We found current sampleFDO had a performance issue when triaging a regression. For a callsite with inline instance in the profile, even if hot callsite inliner cannot inline it, it may still execute enough times and should not be treated as cold in regular inliner later. However, currently if such callsite is not inlined by hot callsite inliner, and the BB where the callsite locates doesn't get samples from other instructions inside of it, the callsite will have no profile metadata annotated. In regular inliner cost analysis, if the callsite has no profile annotated and its caller has profile information, it will be treated as cold.
The fix is for such warm callsites without profile because they are inlined in the profile, still keep them without profile metadata annotated. For other callsites whose parent BBs don't get any sample, explicitly annotate them with 0 profile count (Don't omit profile metadata). In regular inliner cost analysis, if a callsite has no profile annotated, we won't treat it as cold anymore -- we treat callsites as cold only when they profile count exists and is less than cold cutoff value.
It fixes a 5% regression in the target application.
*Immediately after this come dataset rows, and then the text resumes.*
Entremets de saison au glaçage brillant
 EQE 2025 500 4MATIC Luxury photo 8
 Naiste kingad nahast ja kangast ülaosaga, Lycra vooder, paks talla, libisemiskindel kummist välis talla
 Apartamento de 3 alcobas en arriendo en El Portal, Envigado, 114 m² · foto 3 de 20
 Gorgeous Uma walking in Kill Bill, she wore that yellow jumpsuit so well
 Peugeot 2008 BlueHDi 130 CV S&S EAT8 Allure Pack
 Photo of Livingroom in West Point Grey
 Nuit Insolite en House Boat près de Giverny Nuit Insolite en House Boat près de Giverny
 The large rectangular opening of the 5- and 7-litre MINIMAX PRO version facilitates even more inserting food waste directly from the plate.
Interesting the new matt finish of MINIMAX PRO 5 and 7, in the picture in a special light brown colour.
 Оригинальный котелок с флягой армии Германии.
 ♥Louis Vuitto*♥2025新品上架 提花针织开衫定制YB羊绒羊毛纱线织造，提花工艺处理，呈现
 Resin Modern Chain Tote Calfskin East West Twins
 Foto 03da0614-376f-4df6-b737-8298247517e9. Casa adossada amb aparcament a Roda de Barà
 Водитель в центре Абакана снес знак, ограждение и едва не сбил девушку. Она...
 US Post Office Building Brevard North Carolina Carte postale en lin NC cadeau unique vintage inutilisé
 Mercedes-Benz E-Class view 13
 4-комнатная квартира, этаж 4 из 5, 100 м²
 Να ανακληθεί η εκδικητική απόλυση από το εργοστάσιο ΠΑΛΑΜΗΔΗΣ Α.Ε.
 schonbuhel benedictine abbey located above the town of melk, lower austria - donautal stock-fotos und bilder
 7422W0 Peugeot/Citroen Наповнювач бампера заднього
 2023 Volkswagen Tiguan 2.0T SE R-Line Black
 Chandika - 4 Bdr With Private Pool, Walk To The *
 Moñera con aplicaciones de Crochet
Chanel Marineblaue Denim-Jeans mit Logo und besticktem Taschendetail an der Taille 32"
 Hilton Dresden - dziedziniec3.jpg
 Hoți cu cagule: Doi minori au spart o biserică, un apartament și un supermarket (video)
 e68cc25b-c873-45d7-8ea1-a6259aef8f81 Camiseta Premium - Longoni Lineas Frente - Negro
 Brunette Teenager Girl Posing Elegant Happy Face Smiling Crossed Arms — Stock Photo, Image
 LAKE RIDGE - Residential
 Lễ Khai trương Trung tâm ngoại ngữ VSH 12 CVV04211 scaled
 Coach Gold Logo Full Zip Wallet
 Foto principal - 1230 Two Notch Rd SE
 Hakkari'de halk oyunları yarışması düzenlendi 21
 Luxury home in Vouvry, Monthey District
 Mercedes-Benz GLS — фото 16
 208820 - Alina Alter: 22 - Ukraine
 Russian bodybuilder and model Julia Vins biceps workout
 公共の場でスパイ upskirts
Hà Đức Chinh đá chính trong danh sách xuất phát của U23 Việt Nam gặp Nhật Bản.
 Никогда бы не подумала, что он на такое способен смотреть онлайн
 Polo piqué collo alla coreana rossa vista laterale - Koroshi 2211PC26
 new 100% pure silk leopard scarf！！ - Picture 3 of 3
I also evaluate it on two server benchmarks and find no performance difference there, but one server benchmark gets 2% reduction in size.
I also evaluate other alternative to fix the issue, like relax the criterial of hotness checking in hot callsite inliner, but the result is not as good as this strategy probably because regular inliner has more information about whether we should inline a warm callsite with medium/small size callee.
This can cause problem if the caller function is newly added and there is no profile associated with it -- all callsites there will be marked as cold.